[Short text fragments from websites]
++++
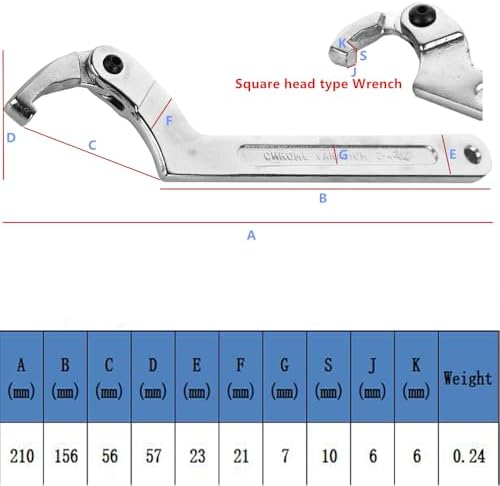 Chrome Vanadium C Pin Spanner Adjustable Hook Wrench, Square Head 32-76mm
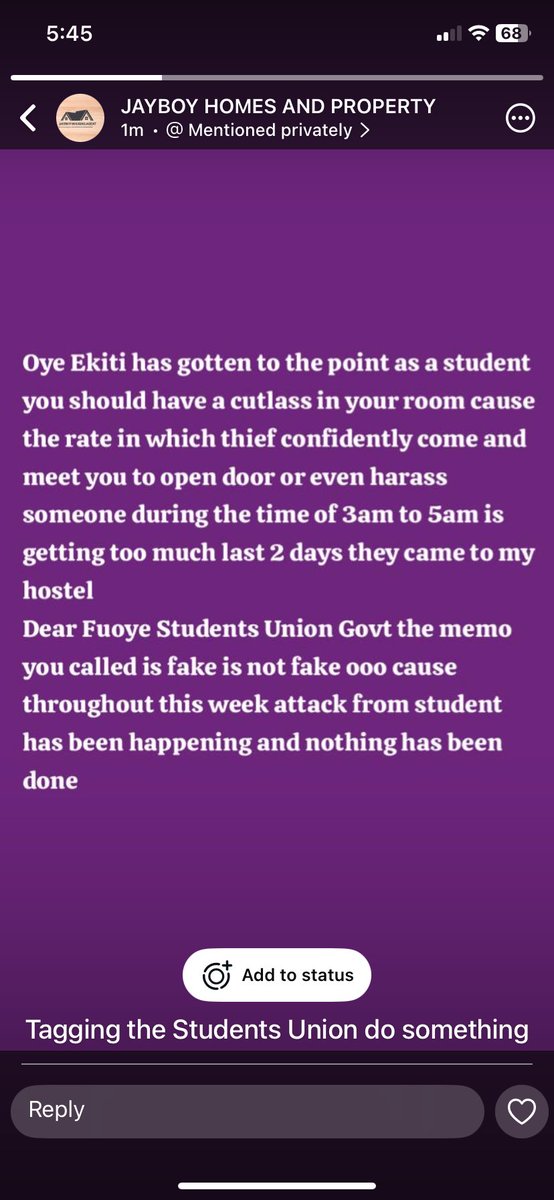 CORNERSTONE_5's tweet photo. The silence of the night no longer brings peace, it echoes with fear.Students are no longer just reading under pressure; we're living under pressure.
We call on the @PoliceNG, @ekitistategovt to rise to this moment.
Safety is not a privilege; it's our right.
#SecureFuoye
#Fuoye https://t.co/GE0d5Yui5N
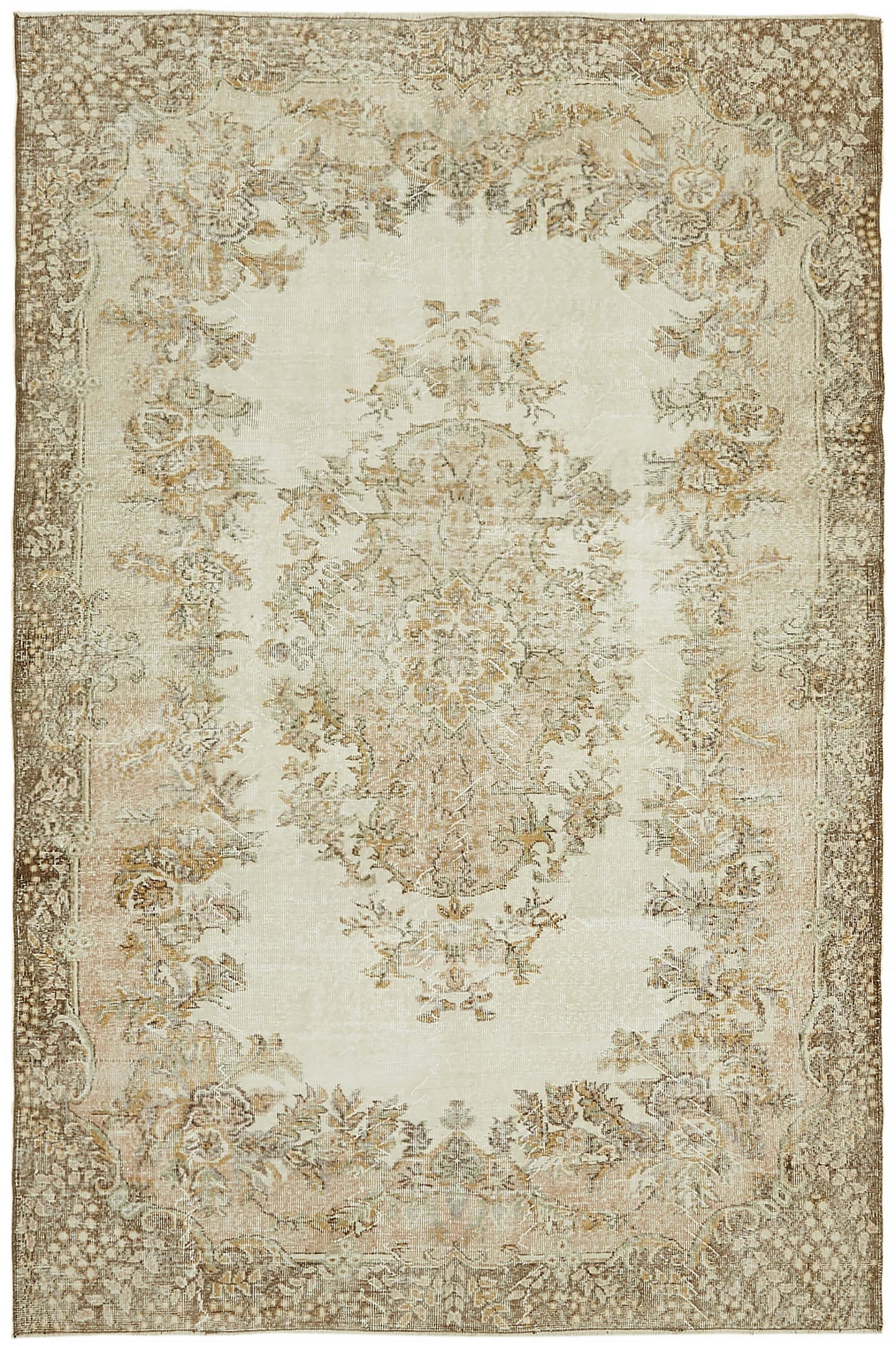 7x10 Beige Turkish Vintage Area Rug - 44696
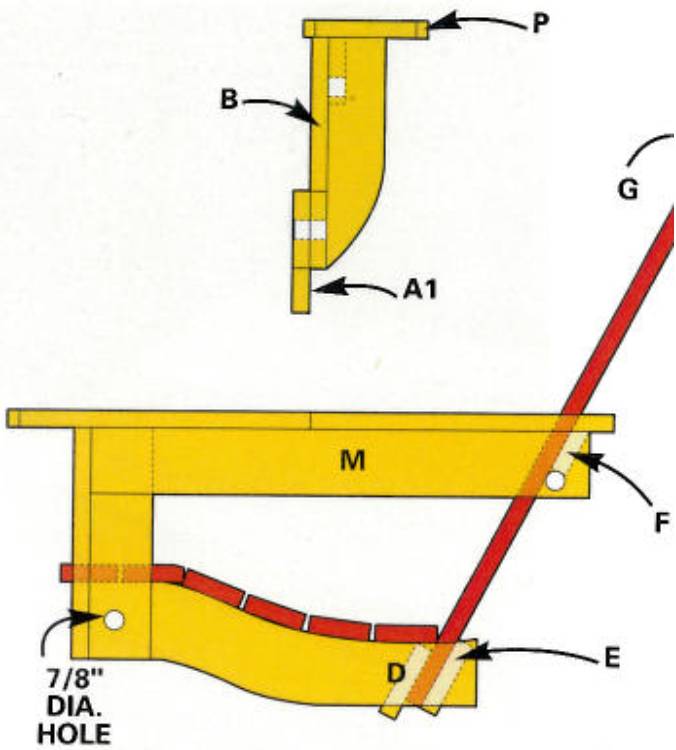 End view drawing with details of the porch swing assembly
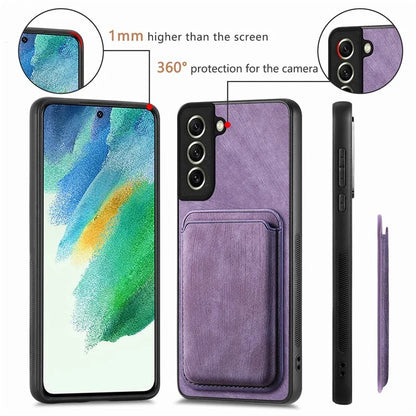 D12 For Samsung Galaxy S21 FE 5G Mobile Phone PU+TPU Cover with Detachable Magnetic Card Case
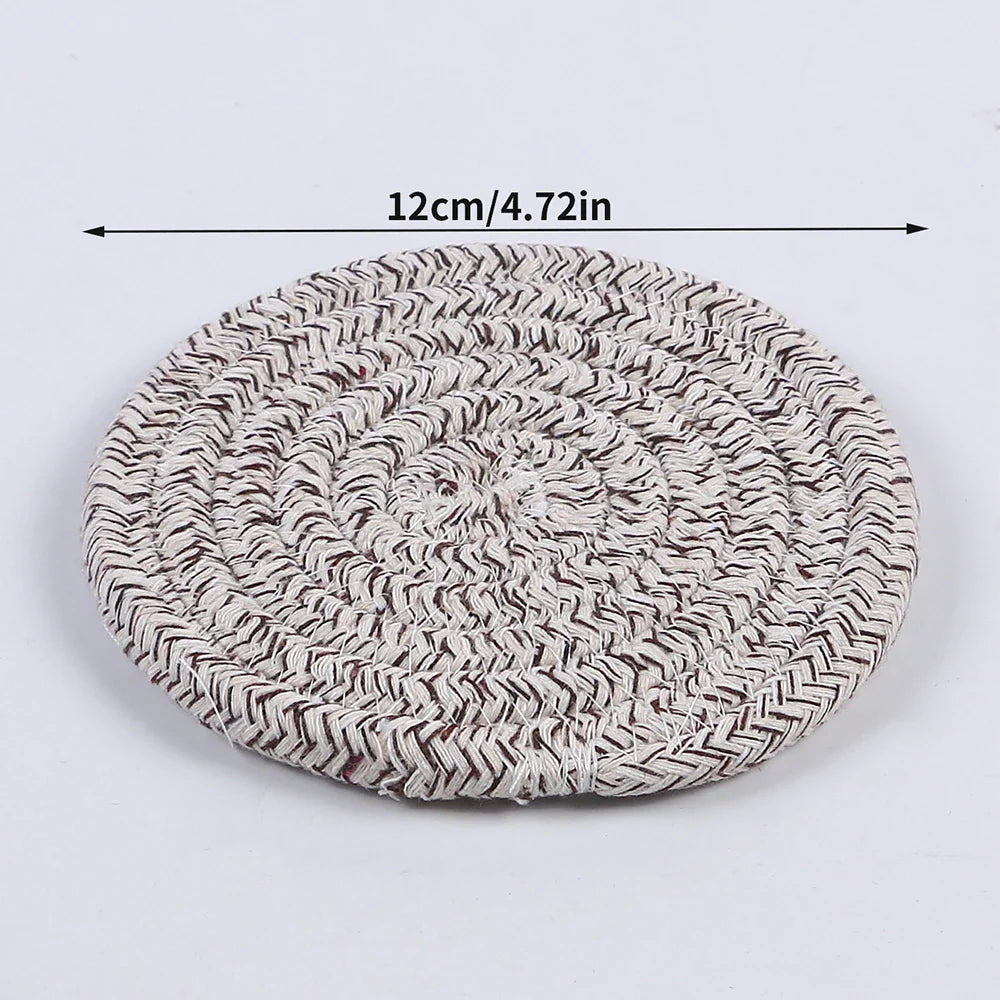 Woven Cotton-Linen Drink Coaster - Heat Resistant, Absorbent Cup Mat for Tabletop Protection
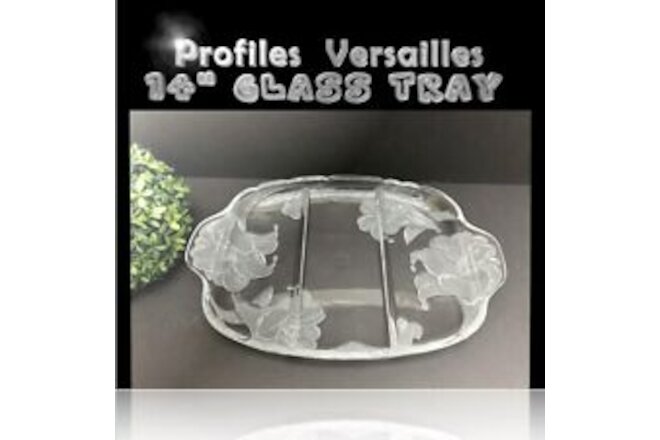 🐆Profiles Versailles Glass Divided Relish Tray 14" Floral Embossed Bottom NIB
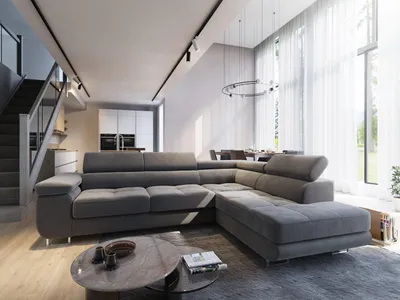 Produktbild von Masseno Narożnik SELVA R-S z funkcją spania i pojemnikiem na pościel Kształt L, Rozkładana sofa, Rogówka - Szary, MONOLITH 85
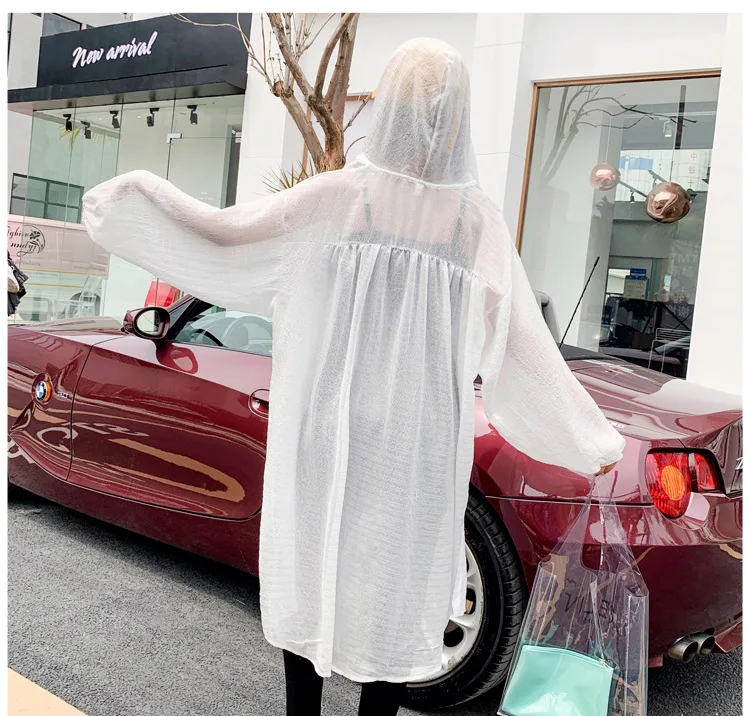 Spring And Summer New Style Korean-style Loose-Fit BF Mid-length Striped Shirt Hooded Sunscreen Coat Thin Coat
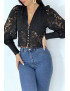 Haut noir en dentelle style chemisier vintage - 4
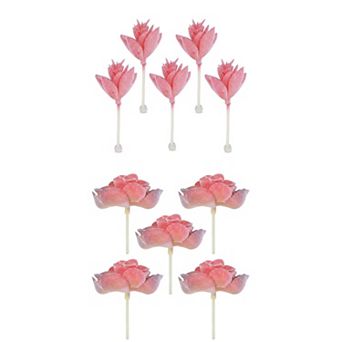 10 Packs Flocked Artificial Succulents Large Faux Echeveria Picks 3.5"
++++
Your instructions:
Only lines belong in the copy, not pictures: write out exactly the lines of the records from the first through the one holding "7x10 Beige Turkish Vintage Area Rug - 44696".

Task solution:
 Chrome Vanadium C Pin Spanner Adjustable Hook Wrench, Square Head 32-76mm
 CORNERSTONE_5's tweet photo. The silence of the night no longer brings peace, it echoes with fear.Students are no longer just reading under pressure; we're living under pressure.
We call on the @PoliceNG, @ekitistategovt to rise to this moment.
Safety is not a privilege; it's our right.
#SecureFuoye
#Fuoye https://t.co/GE0d5Yui5N
 7x10 Beige Turkish Vintage Area Rug - 44696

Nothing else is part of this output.